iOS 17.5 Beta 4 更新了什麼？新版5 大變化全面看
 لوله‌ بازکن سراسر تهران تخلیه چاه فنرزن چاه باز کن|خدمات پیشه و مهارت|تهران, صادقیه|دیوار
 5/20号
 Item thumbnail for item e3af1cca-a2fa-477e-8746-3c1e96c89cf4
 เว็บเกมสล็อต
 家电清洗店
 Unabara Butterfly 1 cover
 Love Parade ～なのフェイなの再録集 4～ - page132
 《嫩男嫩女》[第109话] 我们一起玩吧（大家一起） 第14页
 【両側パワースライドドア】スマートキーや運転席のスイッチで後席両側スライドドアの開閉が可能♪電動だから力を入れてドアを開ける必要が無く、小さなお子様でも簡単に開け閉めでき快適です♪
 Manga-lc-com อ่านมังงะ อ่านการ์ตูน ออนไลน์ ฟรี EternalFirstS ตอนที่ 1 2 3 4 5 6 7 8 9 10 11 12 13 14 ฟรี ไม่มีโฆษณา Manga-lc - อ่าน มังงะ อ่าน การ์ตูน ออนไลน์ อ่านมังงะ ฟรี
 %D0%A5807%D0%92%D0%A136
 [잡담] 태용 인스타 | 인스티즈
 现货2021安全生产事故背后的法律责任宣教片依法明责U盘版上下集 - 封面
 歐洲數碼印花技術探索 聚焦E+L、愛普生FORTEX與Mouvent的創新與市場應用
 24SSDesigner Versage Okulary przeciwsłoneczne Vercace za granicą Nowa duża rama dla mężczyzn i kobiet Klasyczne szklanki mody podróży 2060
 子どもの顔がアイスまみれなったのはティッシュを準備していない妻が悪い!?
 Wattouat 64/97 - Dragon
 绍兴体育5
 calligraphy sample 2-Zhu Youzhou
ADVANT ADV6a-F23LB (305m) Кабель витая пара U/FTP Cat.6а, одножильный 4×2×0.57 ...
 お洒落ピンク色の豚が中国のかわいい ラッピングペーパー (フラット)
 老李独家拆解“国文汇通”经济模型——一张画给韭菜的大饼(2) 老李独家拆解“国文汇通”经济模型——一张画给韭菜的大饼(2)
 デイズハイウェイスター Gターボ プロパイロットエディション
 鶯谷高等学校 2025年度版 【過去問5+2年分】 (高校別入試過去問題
- - - - -
Exercise details — Please repeat the data above verbatim, all of it.

Exercise solution —
iOS 17.5 Beta 4 更新了什麼？新版5 大變化全面看
 لوله‌ بازکن سراسر تهران تخلیه چاه فنرزن چاه باز کن|خدمات پیشه و مهارت|تهران, صادقیه|دیوار
 5/20号
 Item thumbnail for item e3af1cca-a2fa-477e-8746-3c1e96c89cf4
 เว็บเกมสล็อต
 家电清洗店
 Unabara Butterfly 1 cover
 Love Parade ～なのフェイなの再録集 4～ - page132
 《嫩男嫩女》[第109话] 我们一起玩吧（大家一起） 第14页
 【両側パワースライドドア】スマートキーや運転席のスイッチで後席両側スライドドアの開閉が可能♪電動だから力を入れてドアを開ける必要が無く、小さなお子様でも簡単に開け閉めでき快適です♪
 Manga-lc-com อ่านมังงะ อ่านการ์ตูน ออนไลน์ ฟรี EternalFirstS ตอนที่ 1 2 3 4 5 6 7 8 9 10 11 12 13 14 ฟรี ไม่มีโฆษณา Manga-lc - อ่าน มังงะ อ่าน การ์ตูน ออนไลน์ อ่านมังงะ ฟรี
 %D0%A5807%D0%92%D0%A136
 [잡담] 태용 인스타 | 인스티즈
 现货2021安全生产事故背后的法律责任宣教片依法明责U盘版上下集 - 封面
 歐洲數碼印花技術探索 聚焦E+L、愛普生FORTEX與Mouvent的創新與市場應用
 24SSDesigner Versage Okulary przeciwsłoneczne Vercace za granicą Nowa duża rama dla mężczyzn i kobiet Klasyczne szklanki mody podróży 2060
 子どもの顔がアイスまみれなったのはティッシュを準備していない妻が悪い!?
 Wattouat 64/97 - Dragon
 绍兴体育5
 calligraphy sample 2-Zhu Youzhou
ADVANT ADV6a-F23LB (305m) Кабель витая пара U/FTP Cat.6а, одножильный 4×2×0.57 ...
 お洒落ピンク色の豚が中国のかわいい ラッピングペーパー (フラット)
 老李独家拆解“国文汇通”经济模型——一张画给韭菜的大饼(2) 老李独家拆解“国文汇通”经济模型——一张画给韭菜的大饼(2)
 デイズハイウェイスター Gターボ プロパイロットエディション
 鶯谷高等学校 2025年度版 【過去問5+2年分】 (高校別入試過去問題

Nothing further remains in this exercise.